CDU-Parteitag: Das ist die neue Führungsspitze

Neben März wählt der Parteitag auch die übrige Führungsspitze neu. Dem neuen CDU-Generalsekretär und einstigen Berliner Sozialsenator Mario Czaja bescheren die Delegierten ein ebenfalls sattes Ergebnis von fast 93 Prozent. Es zeigt sich: Die Partei ist nach dem historischen Wahldesaster bei der Bundestagswahl im vergangenen Jahr und dem Verlust des Kanzleramts bestrebt, ihrer neuen Führung den Rücken zur stärken. Das Bedürfnis nach Geschlossenheit scheint groß.

Czaja hebt in seiner Bewerbungsrede vor allem soziale Themen wie Renten, Kinderarmut, Wohnungsnot und die Gesundheitsversorgung auf dem Land hervor. „Wir müssen uns neu ausrichten“, sagte er mit Blick auf die Niederlage bei der Bundestagswahl.
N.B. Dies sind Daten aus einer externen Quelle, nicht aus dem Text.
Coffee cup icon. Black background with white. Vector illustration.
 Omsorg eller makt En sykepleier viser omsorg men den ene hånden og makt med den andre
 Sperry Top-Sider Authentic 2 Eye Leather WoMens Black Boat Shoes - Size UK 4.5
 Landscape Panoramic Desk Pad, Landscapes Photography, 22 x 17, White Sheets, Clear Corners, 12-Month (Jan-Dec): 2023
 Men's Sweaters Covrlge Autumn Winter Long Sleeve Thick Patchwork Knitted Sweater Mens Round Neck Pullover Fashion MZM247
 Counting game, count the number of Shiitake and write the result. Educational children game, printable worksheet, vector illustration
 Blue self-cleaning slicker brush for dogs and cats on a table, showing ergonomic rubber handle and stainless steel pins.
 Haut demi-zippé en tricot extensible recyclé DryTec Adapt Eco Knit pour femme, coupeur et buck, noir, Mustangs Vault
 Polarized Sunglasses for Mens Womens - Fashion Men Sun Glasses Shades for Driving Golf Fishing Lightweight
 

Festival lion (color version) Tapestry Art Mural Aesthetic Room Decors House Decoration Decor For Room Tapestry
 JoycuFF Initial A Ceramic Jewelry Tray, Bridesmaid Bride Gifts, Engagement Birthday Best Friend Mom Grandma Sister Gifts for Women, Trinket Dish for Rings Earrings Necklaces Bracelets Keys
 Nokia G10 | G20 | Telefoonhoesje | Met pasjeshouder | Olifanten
Es gelte, „Leerstellen zu füllen, die vorhanden sind“. Man müsse die Vergangenheit aufarbeiten, dann aber auch einen Punkt dahinter setzen. Die von Merz als künftige stellvertretende Generalsekretärin präsentierte Bundestagsabgeordnete Christina Stumpp kann aus formalen Gründen erst später auf einem Präsenzparteitag gewählt werden.

Von den fünf stellvertretenden Parteivorsitzenden erhält der sächsische Ministerpräsident Michael Kretschmer mit 93 Prozent das beste Ergebnis. Die niedersächsische Bundestagsabgeordnete Silvia Breher, die als einzige erneut als Vize angetreten war, kommt auf 82 Prozent. Als weitere neue Vizes von Parteichef Merz wurden der Wirtschaftspolitiker Carsten Linnemann aus Nordrhein-Westfalen (82 Prozent), die schleswig-holsteinische Bildungsministerin Karin Prien (71 Prozent) und der Abgeordnete Andreas Jung aus Baden-Württemberg gewählt. Die langjährige Vize-Parteichefin und frühere Landwirtschaftsministerin Julia Klöckner ist fortan neue Schatzmeisterin.